Re: Alfresco + ManifoldCF + ElasticSearch index mapping

Posted by "Delapasse, Deanna" <dd...@oceaneering.com>.
My memory is a bit fuzzy, but I think this is accurate!

Several months back I got a copy of the CMIS connector.  It worked, but the
query results were restricted (ie even though you gave "select a,b,c,d..".
  it ignored all the fields except "cmis:name & cmis:objectId" so none of
the attributes actually made it to ES).   Maybe that has been fixed, but
you should check!  Add some debugging into CmisRepositoryConnector to
confirm.

Install a tool call Elasticsearch Head so you can browse and see exactly
what is being pushed into ES.  That was what helped me figure it out.

Good luck!
Deanna

p.s.  I also made a change to the cmis check for "changed" files.  Editing
metadata doesn't always create a new version, so I modified it to check for
LastModifiedDate instead of comparing version #s.
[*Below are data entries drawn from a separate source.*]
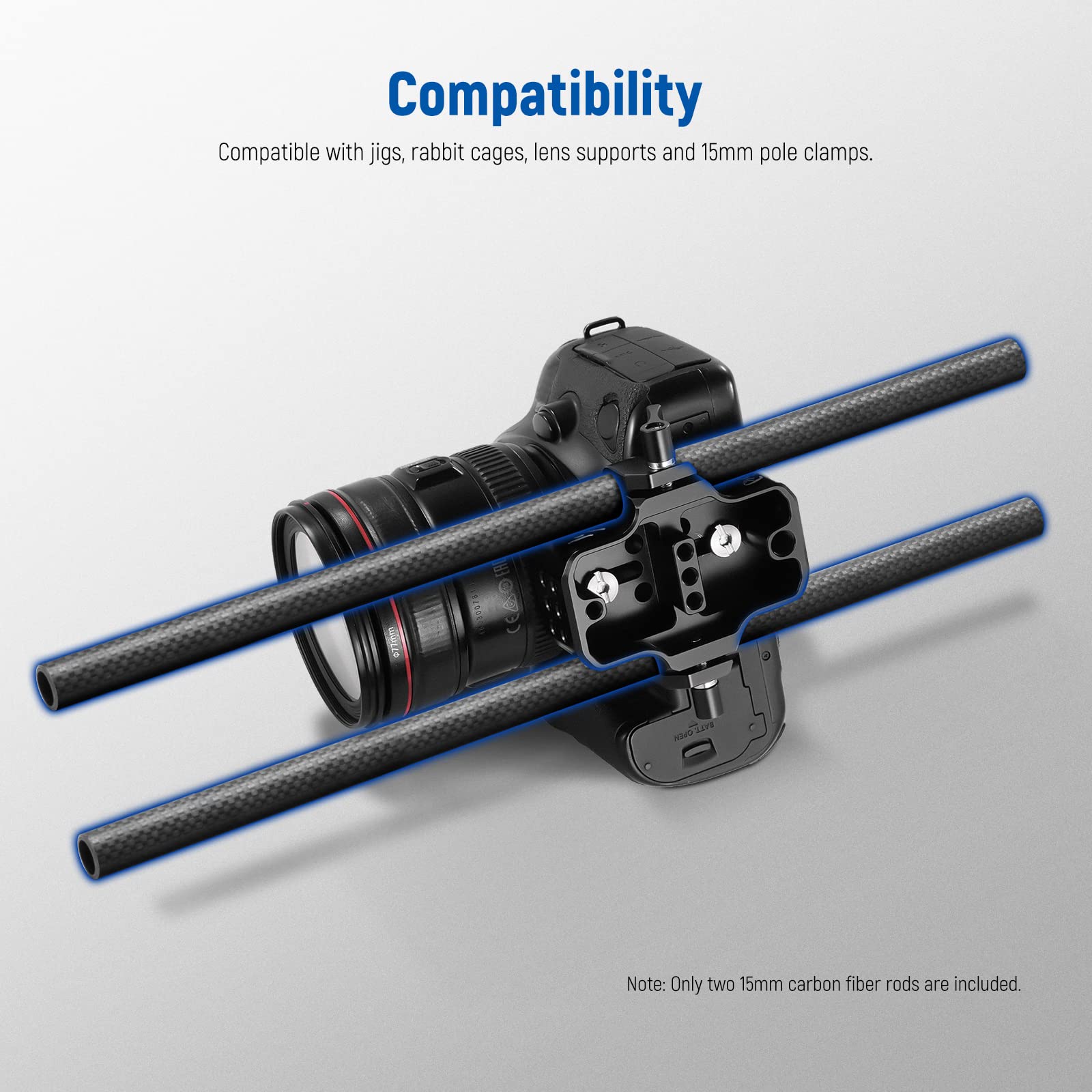 NEEWER 15mm Tiges d'extension en Fibre de Carbone 40cm Compatible avec SmallRig Compatible avec Tilta Système de Support d'épaule Rail,DSLR,Cage de stabilisation de caméra,Matte Box,Base Plate,SR002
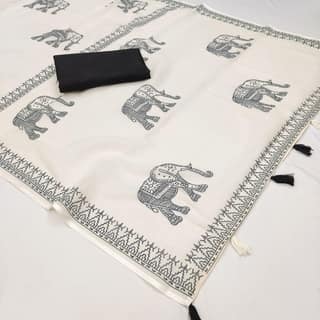 Elephant Linen Saree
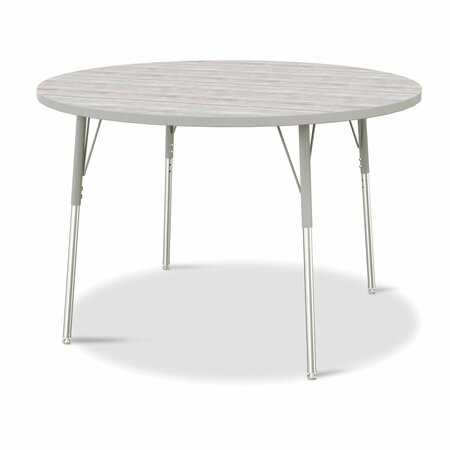 Berries Round Activity Table, 48 In. Diameter, A-height, Driftwood Gray/Gray/Gray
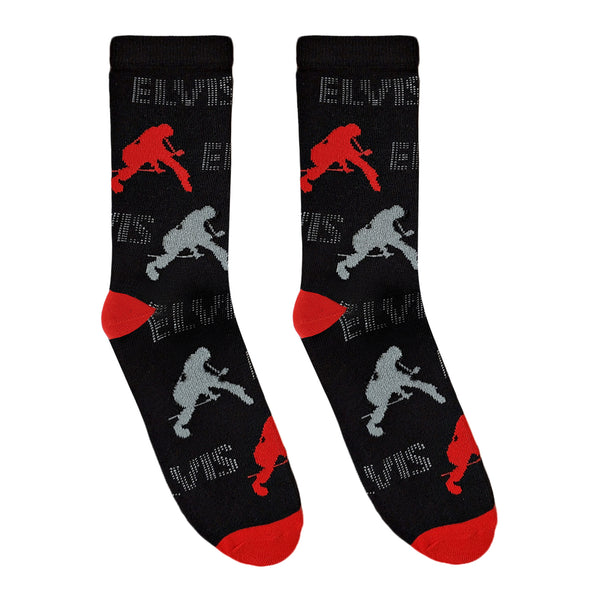graceland Repeat ELVIS Guitar Silhouette Sock
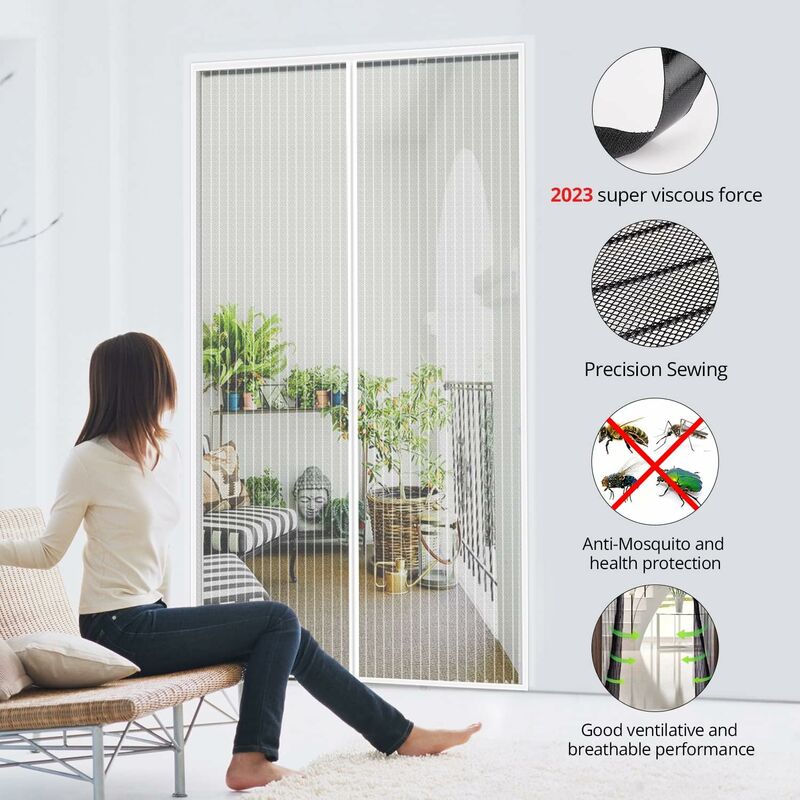 Magnetic Screen Door 90X210cm Anti Fly Curtain Adhesive Strip Automatic Closing Ultra Fine Mesh Tool-Free Installation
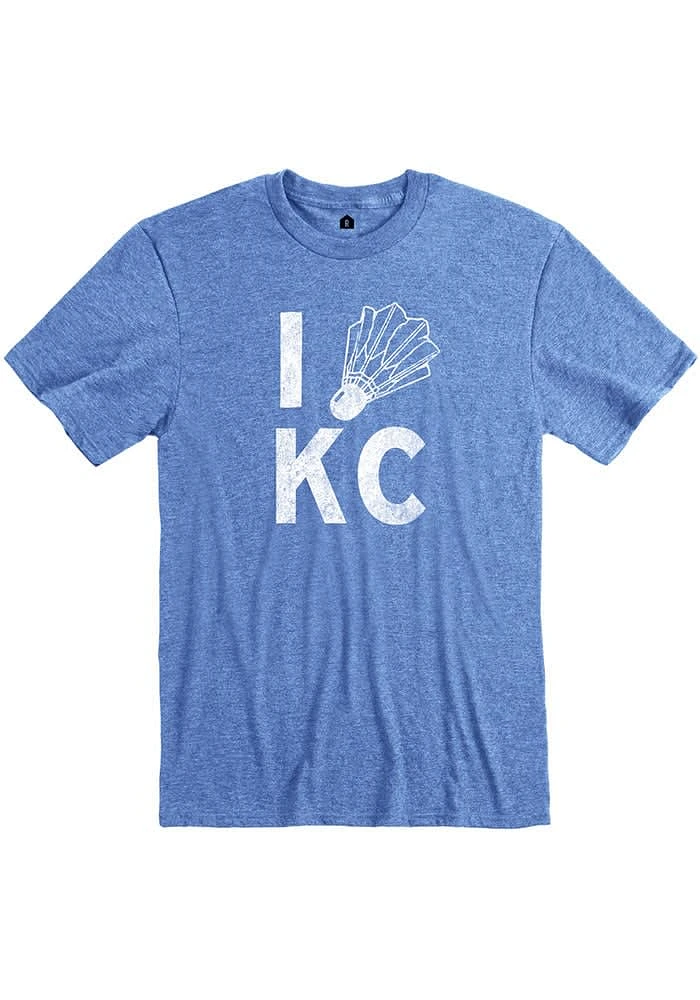 Rally Kansas City Blue Screen Print Short Sleeve Fashion T Shirt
On Fri, Jul 31, 2015 at 8:02 AM, Francesco Fornasari <f....@tai.it>
wrote:

>
> Dear All,
> we're newbie about ManifoldCF and ElasticSearch.
>
> We configured successfully the ManifoldCF + ElasticSearch + Alfresco 5.0.1
> architecture. But, we aren't able to get metadata from ElasticSearch index.
>
> In details:
>
> 1) we configured a cmis query in ManifoldCF "SELECT mcf:numeromittente,
> mcf:pagine FROM mcf:fax" for the job crowler.
> 2) the job works right and founds documents.
> 3) we configured the elastic search index mapping,
> http://manifoldcf-es.tainet:9200/index/generictype/_mapping :
>
> {
>   "generictype" : {
>     "properties" : {
>       "mcf:numeromittente" : {
>         "type" : "string"
>       },
>       "mcf:pagine" : {
>         "type" : "integer"
>       }
>     }
>   }
> }
>
> 4) the http://manifoldcf-es.tainet:9200/index/generictype/_mapping API
> returns a JSON that includes all subset of properties
>
> {"properties":{"_content":{"type":"string"},"_content_type":{"type":"string"},"_name":{"type":"string"}}},"mcf:numeromittente":{"type":"string"},"mcf:pagine":{"type":"integer"}}}}
>
>
> 5) we call the http://manifoldcf-es.tainet:9200/index/generictype/_search
> API :
>
> {
>     "query": {
>         "query_string": {
>             "query": "v2.5.6_ReleaseNotes.txt",
>             "fields": []
>         }
>     }
> }
>
> but the API returns a JSON that doesn't contain mcf property values:
>
> "file" : {"_content_type" : "text\/plain","_name" :
> "v2.5.6_ReleaseNotes.txt", "_content" : "...." }
>
> So, could you explain us how we can include into the elasitc search query
> result also mcf:numeromittente and mcf:pagine properties?
>
> There is something wrong in your ManifoldCF configuration?
>
> Regards,
> Francesco.
>
>
>
>
>
>